Deep Sea Biome

Defining the Deep Sea

How is the deep sea defined? Many assign an exact depth limit to this zone: beginning at 1000 fathoms (1828 m). However, conditions at exact depths vary from place to place, so deep-water ecologist Tony Koslow defines it as the area below which photosynthesis can function. In general, that means that anything below about 600 feet (200m) is considered the deep sea. In this short biome video we discuss the deep sea while going to 2,000 feet in a homemade submarine. We hope it is informative and useful as you’re learning about this unique habitat.

The Zones of the Deep Sea

The ocean is a vast body of water that stretches from tropical waters to frigid polar regions, from shallow seas to deep ocean trenches. The oceans cover about 71 percent of Earth’s surface, and about 90 percent of that is considered deep water (below about 600 feet). This vast, pelagic area is further divided into Deep Sea Zones. Each zone has characteristic life and conditions. Below is a short description of each.


Mesopelagic Zone: Also called the “Twilight Zone,” the Mesopelagic zone still receives some light, but it is not enough to fuel photosynthesis. Organisms here have adaptations to see and keep from being seen. Eyes of animals in this zone are often quite large, to collect any available light. Bioluminescence is prevalent here, helping creatures disguise their silhouettes from animals below them . Most sources give the depth range of this zone as 200 meters down to 700 or 1000 meters, but the exact depth is dependent on the clarity of the water, determining where photosynthesis can no longer take place.

Bathypelagic Zone: The Mesopelagic Zone becomes the Bathypelagic Zone when light no longer penetrates the water. It is a depth that in most open ocean systems is about 1000 meters, but can be much shallower along coastlines. For instance, in Honduras (where Karl Stanley flies his submarine) the depth is closer to 550 meters, due to the proximity to land.  This zone is also marked by very low temperatures (5 or 6 degrees Celsius) and having a very low organismal biomass, a trend that will continue until reaching the ocean floor.

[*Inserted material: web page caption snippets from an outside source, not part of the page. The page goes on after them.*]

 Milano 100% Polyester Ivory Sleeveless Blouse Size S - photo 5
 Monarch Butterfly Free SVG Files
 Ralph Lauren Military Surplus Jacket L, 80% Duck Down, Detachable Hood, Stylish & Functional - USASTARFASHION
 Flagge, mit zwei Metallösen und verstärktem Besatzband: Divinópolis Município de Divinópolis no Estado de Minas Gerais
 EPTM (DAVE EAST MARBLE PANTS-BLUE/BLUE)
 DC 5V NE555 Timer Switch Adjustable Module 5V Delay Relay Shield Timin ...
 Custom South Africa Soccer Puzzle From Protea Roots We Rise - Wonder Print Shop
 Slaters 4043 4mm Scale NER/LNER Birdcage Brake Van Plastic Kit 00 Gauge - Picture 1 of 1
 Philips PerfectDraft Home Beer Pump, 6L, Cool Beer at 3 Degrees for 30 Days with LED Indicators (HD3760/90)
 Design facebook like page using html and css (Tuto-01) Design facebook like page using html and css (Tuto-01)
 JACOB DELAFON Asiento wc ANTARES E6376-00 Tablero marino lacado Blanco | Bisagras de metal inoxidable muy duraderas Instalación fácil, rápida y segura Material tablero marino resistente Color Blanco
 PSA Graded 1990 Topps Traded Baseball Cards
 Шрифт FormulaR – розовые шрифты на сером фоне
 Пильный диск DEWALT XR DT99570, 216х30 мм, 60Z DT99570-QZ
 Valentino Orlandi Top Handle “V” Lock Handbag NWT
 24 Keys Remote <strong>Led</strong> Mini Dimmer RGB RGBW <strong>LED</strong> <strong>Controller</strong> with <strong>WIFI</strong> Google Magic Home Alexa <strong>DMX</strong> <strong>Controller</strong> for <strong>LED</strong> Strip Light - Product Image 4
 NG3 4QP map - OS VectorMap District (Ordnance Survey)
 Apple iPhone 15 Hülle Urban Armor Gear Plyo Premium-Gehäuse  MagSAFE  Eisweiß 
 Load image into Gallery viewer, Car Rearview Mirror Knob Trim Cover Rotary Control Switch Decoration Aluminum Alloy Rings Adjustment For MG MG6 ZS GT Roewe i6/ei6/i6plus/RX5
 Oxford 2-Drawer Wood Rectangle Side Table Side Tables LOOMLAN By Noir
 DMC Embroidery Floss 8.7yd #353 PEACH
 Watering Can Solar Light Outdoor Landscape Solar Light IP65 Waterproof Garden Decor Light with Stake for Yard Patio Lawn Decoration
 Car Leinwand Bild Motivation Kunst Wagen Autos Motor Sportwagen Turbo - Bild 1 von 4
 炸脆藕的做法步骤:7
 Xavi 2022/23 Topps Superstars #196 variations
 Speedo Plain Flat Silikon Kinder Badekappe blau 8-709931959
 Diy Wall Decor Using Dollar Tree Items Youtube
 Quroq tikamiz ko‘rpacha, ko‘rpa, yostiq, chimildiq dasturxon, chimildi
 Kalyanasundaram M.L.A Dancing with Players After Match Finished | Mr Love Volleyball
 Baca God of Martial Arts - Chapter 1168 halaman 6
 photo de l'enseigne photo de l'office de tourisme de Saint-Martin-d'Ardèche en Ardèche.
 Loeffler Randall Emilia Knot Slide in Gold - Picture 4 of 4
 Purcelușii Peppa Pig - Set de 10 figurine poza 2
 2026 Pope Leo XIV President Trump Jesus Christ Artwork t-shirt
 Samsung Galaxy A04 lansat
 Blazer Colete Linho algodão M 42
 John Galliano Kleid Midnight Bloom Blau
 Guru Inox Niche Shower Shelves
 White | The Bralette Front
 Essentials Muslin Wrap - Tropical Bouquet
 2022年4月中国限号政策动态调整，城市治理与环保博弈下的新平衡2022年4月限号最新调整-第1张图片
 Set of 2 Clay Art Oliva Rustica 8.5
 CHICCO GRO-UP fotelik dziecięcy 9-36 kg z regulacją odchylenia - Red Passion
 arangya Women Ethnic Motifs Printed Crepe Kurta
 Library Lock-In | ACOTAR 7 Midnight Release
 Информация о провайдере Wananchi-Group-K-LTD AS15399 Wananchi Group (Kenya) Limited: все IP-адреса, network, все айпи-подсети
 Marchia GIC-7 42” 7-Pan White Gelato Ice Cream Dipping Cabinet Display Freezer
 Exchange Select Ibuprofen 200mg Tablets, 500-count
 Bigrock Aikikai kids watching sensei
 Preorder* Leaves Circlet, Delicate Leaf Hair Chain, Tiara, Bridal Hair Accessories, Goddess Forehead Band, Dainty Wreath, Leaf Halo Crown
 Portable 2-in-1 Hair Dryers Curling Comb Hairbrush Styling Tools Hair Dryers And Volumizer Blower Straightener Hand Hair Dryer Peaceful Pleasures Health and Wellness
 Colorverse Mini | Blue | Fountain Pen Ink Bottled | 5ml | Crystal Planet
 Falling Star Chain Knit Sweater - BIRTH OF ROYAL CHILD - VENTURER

The boundary between the mesopelagic zone and the bathypelagic zone contains The Deep Scattering layer – a layer of fish, squid, crustaceans etc, that migrate each day from the deep ocean to the shallows at night. Scientists noticed a huge, scattered sonar signal that was deep during the day and rose to shallower water as night fell.  It was perplexing at first. Instead of one, giant creature that moved up and down the water column, it turned out to be countless small creatures in their daily migration from deep water protection to feeding in shallower water at night.

Abyssopelagic Zone: This zone is also called the Abyssal Zone or the Abyss – derived from the Greek word meaning “bottomless sea.” It refers to waters directly above the continental rise (at about 3000 meters) down to about 6000m. The exact line between the Bathypelagic Zone and the Abyssopelagic Zone is difficult to define, but it is often defined as the area where the water hits 4 degrees Celsius. It is also marked by darkness and uniform environmental conditions.

The average depth of the ocean is 4000m (about 2.5 miles), making the Abyssal Zone the largest living environment on Earth. It covers over 300,000,000 square km (115,000,000 miles)–about 83% of the ocean’s total area and 60% of Earth’s surface.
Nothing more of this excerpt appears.